For the remainder of 2012, Unit has hedges in place for approximately 6,100 Bbls per day of oil production and approximately 50,000 MMBtu per day of natural gas production. The oil production is hedged under swap contracts at an average price of $97.55 per barrel. The natural gas production is hedged under swap contracts at a comparable average NYMEX price of $5.09. The average basis differential for the applicable swap is ($0.28). For the fourth quarter of 2012, Unit has natural gas liquids hedges covering 380 Bbls per day at $50.28 per barrel.

For 2013, Unit has hedged 5,500 Bbls per day of its oil production and 100,000 MMBtu per day of natural gas production. The oil production is hedged under swap contracts at an average price of $99.71 per barrel. Of the natural gas production, 80,000 MMBtu per day is hedged with swaps and 20,000 MMBtu per day is hedged with a collar. The swap transactions were done at a comparable average NYMEX price of $3.65. The collar transaction was done at a comparable average NYMEX floor price of $3.25 and ceiling price of $3.72.

The following table illustrates Unit’s production and certain results for the periods indicated:

3rd Qtr 12 2nd Qtr 12 1st Qtr 12 4th Qtr 11 3rd Qtr 11 2nd Qtr 11 1st Qtr 11 4th Qtr 10 3rd Qtr 10
Oil and NGL Production, MBbl 1,545.8 1,460.2 1,375.2 1,359.9 1,197.5 1,158.6 1,034.0 925.5 756.5
Natural Gas Production, Bcf 11.7 11.3 11.4 11.4 11.6 10.9 10.2 10.6 10.4
Production, MBoe 3,498 3,341 3,275 3,255 3,123 2,983 2,739 2,698 2,478
Production, MBoe/day 38.0 36.7 36.0 35.4 33.9 32.8 30.4 29.3 27.0
Realized price, Boe (1) $37.99 $38.49 $40.51 $42.65 $41.75 $42.23 $40.00 $41.58 $38.16
(1) Realized price includes oil, natural gas liquids, natural gas and associated hedges.

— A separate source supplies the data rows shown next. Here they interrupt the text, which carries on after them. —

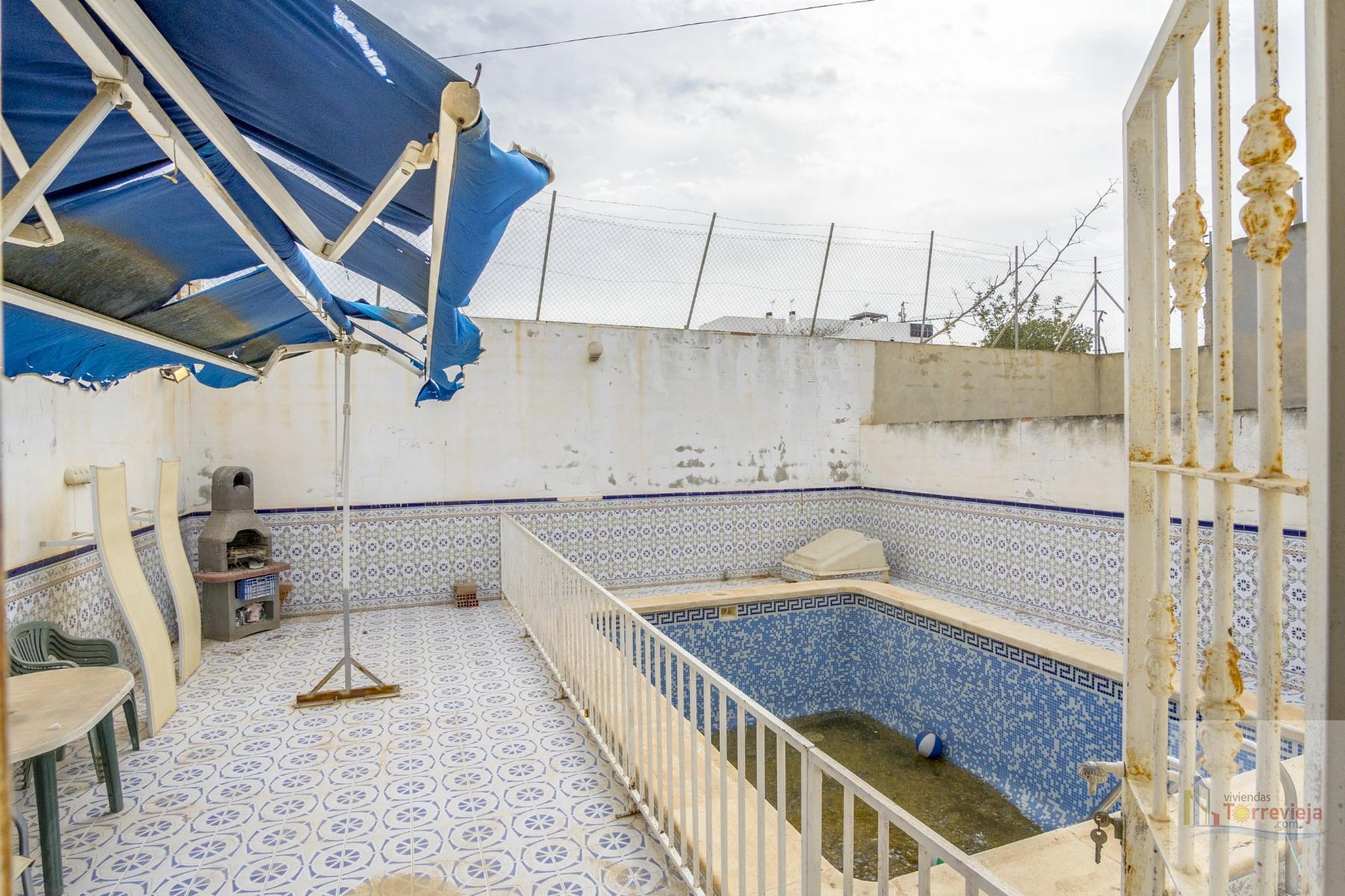 For sale of chalet in Benijófar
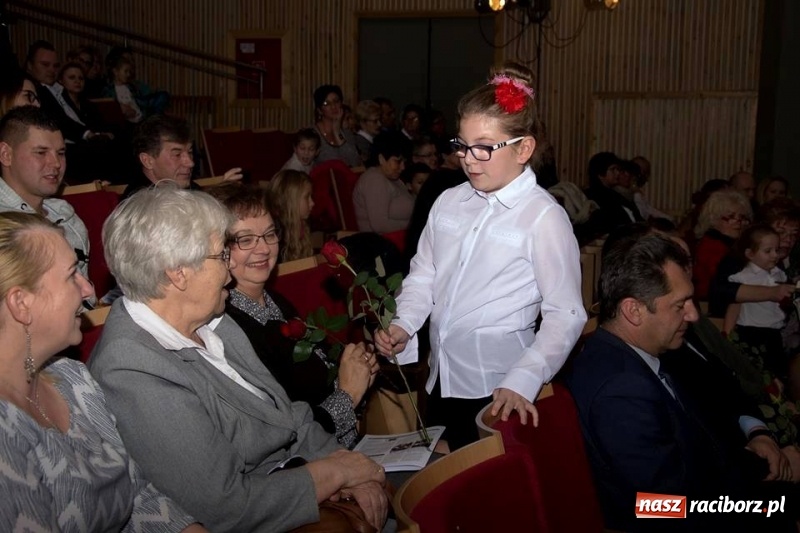 Zdjęcie w galerii na portalu naszraciborz.pl: Seniorzy z Kuźni Raciborskiej stali się aktorami wiadomości z regionu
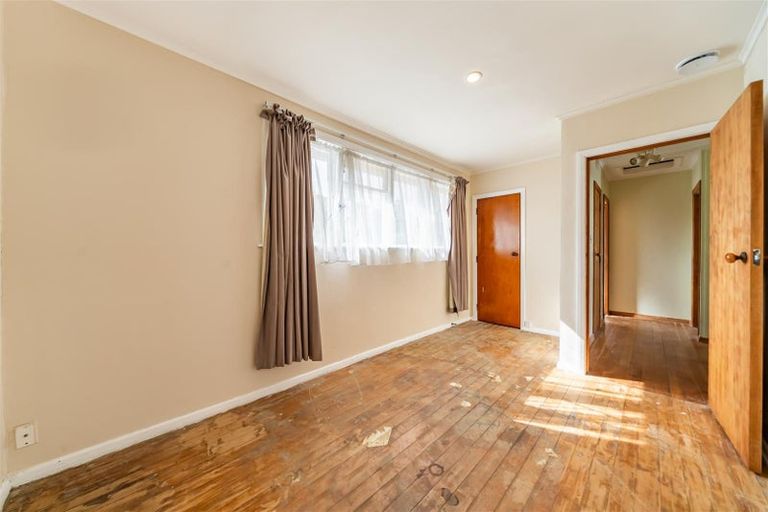 Photo of property in 104 Whites Line East, Waiwhetu, Lower Hutt, 5010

In the Marmaton play, located in Beaver County, Oklahoma, Unit’s net production for the third quarter of 2012 increased approximately 26% over the second quarter of 2012. The average net daily production for the third quarter was approximately 2,908 barrels of oil per day, 1,538 Mcf per day and 763 barrels of NGLs per day, for an equivalent rate of 3,927 Boe per day. For the first nine months of 2012, 21 new operated “short” lateral (4500′) and two “extended” lateral (9500′) horizontal wells had first oil and gas sales. The 30-day initial production rate for the short lateral wells averaged 332 Boe per day and the extended laterals averaged 765 Boe per day. A third extended lateral well is currently drilling and plans are to drill one to two additional extended laterals in the fourth quarter of 2012. Currently, Unit has two drilling rigs working in this play which should result in first oil and gas sales on 26 to 30 short lateral wells and four to five extended lateral wells for 2012. Unit currently has leases on approximately 112,000 net acres in the play.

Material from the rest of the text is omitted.